Summary: An exploration of the role of the Bible in American public life from the rise of the new country until just before WW1.
I have read Noll’s work widely. And have had three classes with him in undergrad and graduate school. I am familiar with his work, and I respect him greatly. So it is not lightly that I think that America’s Book I think is my favorite of his books. Part of this is that it is just masterfully done. I can’t think of many books of this size that I read as voraciously. I have always appreciated Noll’s writing, but this book felt more incisive, important, and better written. But as I was thinking about it as I was finishing the book, I realized that part of it was the framing of the story concerning race. Noll is not new to examining how race has impacted American religious history. He has written two books that were particularly about the role of race, God and Race and American Politics and The Civil War as Theological Crisis, but with In the Beginning Was The Word and now in America’s Book, the history of American Christianity is much more intentionally the multicultural and multi-religious history of the US. The main focus of America’s book is looking at the different ways over time that the Bible (primarily the KJV for most of this time) was used by different communities within the United States. So minority communities (whether it is minority religious communities or minority racial communities) are central to telling the story of the differences in how the Bible was used.
America’s Book is the second in a planned trilogy. In the Beginning Was the Word looked at the public use of the Bible in North America before the American Revolution. Diversity of use was important to that story, but part of the thesis of this book is that after the revolution, there was an attempt to come together as a Bible culture. The American Bible Society (ABS) was founded early in the 19th century and became the dominant publisher, not just of Bibles, but of all books and pamphlets. (America’s Book makes me want to read John Fea’s history of the American Bible Society) There was a somewhat successful (depending on the region) push to get a bible in every home in the United States. The ABS was committed to publishing the KJV without notes or commentary, which prioritized the KJV (against the Catholic Douay Rheims and other translations) and was an attempt to avoid sectarian debate.
Noll sets up the main initial debate over the use of the Bible not between Catholics and Protestants (Catholics were a tiny minority initially) but between the “Custodial Protestants and the Sectarian Protestants”. In Noll’s conception, Custodial Protestants are those that “took for granted the comprehensive intermingling of ecclesiastical, governmental and social interests–as well as their own leading position as intellectual and moral preceptors.”(p54).
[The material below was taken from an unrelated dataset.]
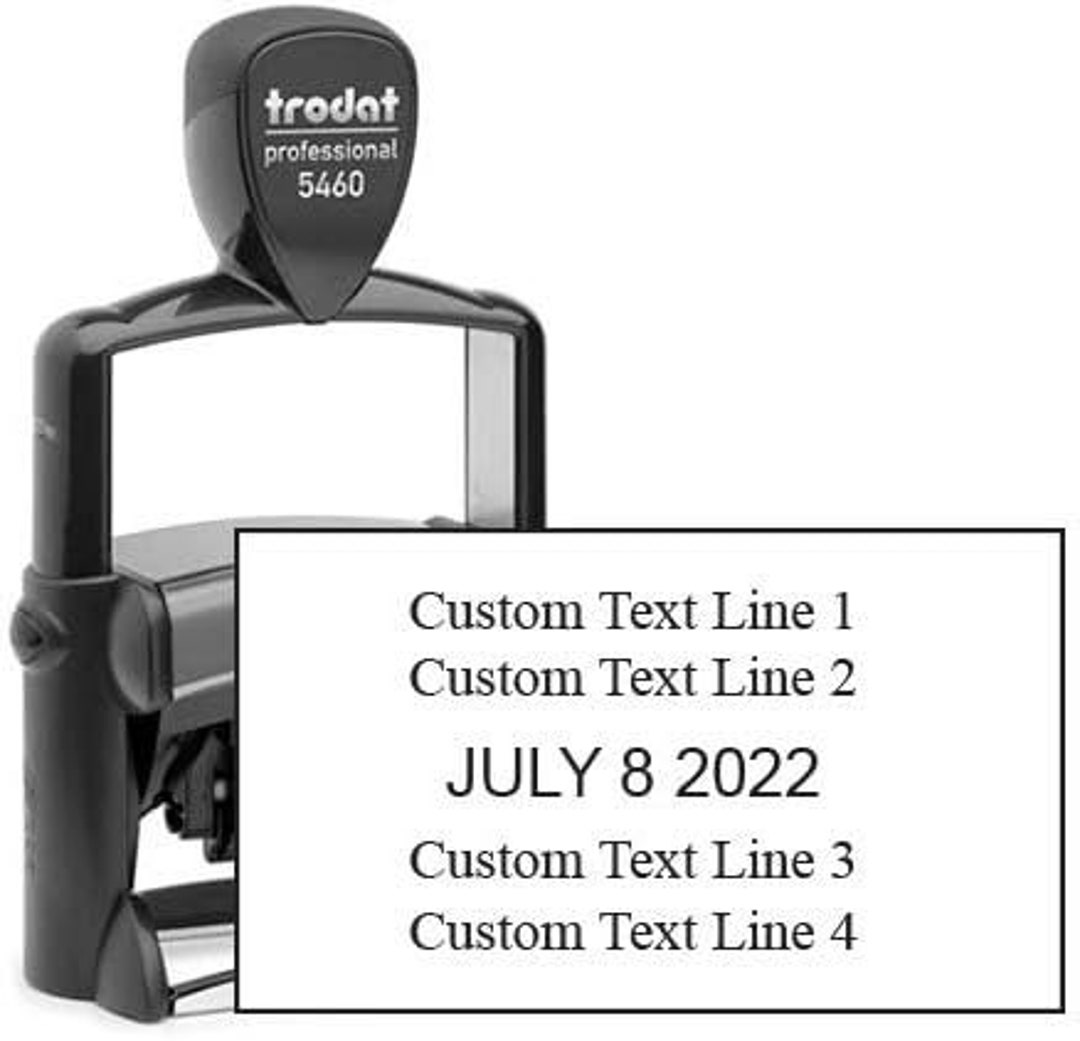 Trodat 5460 Heavy Duty Dater, Month Day Year Format With ...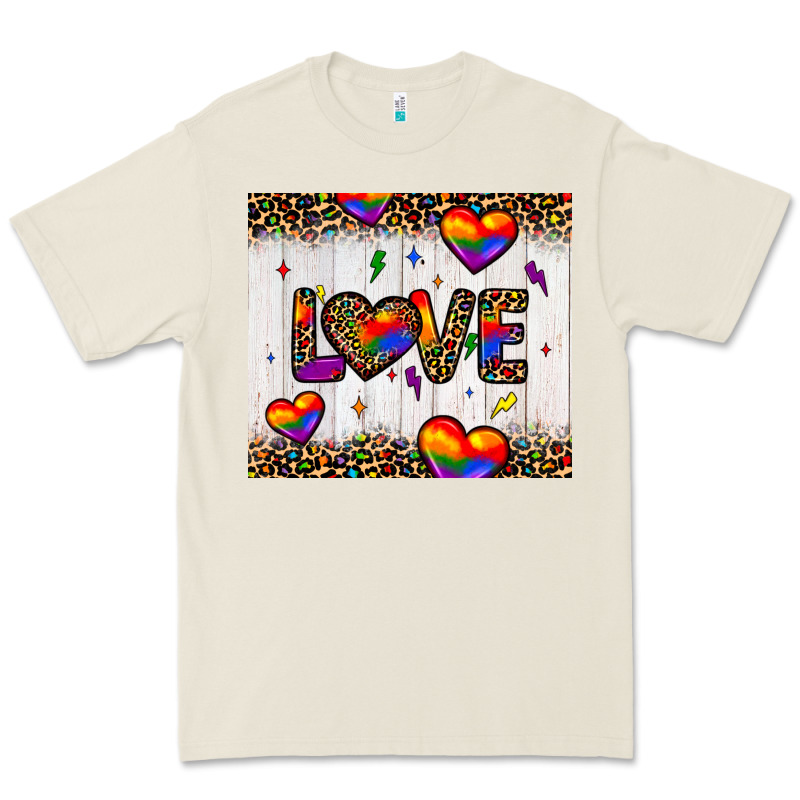 Love Hearts Pride Tumbler Premium Tee by JahusDesignShop | Teevron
There was a tension between the assumptions of European Christendom translated to the United States, where some sense of religious liberty existed. As sectarian Protestants became numerically and culturally stronger, especially after the second great awakening, the common understanding of the church’s role within the community fell apart, as did the bible’s role. Noll is not evaluating the rightness of sectarian versus custodial Protestantism. Noll subtly points out the difference between those custodial Protestants that took responsibility for the community and those that understood their role to be, in some sense, a divine right to rule based on chosenness.
That chosenness (my term) was part of the problem that arose as the discussion over slavery became more prominent. Slavery was the largest but not the only cause of the fracturing of how the Bible was used. As he points out in The Civil War as Theological Crisis, the Civil War broke more than just the legal entity of the United States, it was a theological fight as well. The other main fractures around the use of the Bible were its use in public schools and how Americans understood their self-conception. Early Americans saw themselves broadly as Christian and centered around a Protestant identity, which used the KJV as a rhetorical, literary, and cultural touchstone, but there was always more diversity than what that identity could hold. Noll has three successive chapters in the middle, all titled “Whose Bible?” that look at how Catholics, Lutherans, Jews, Native Americans, Women, and other naysayers were not content with the status quo identity as a Protestant KJV-only social identity.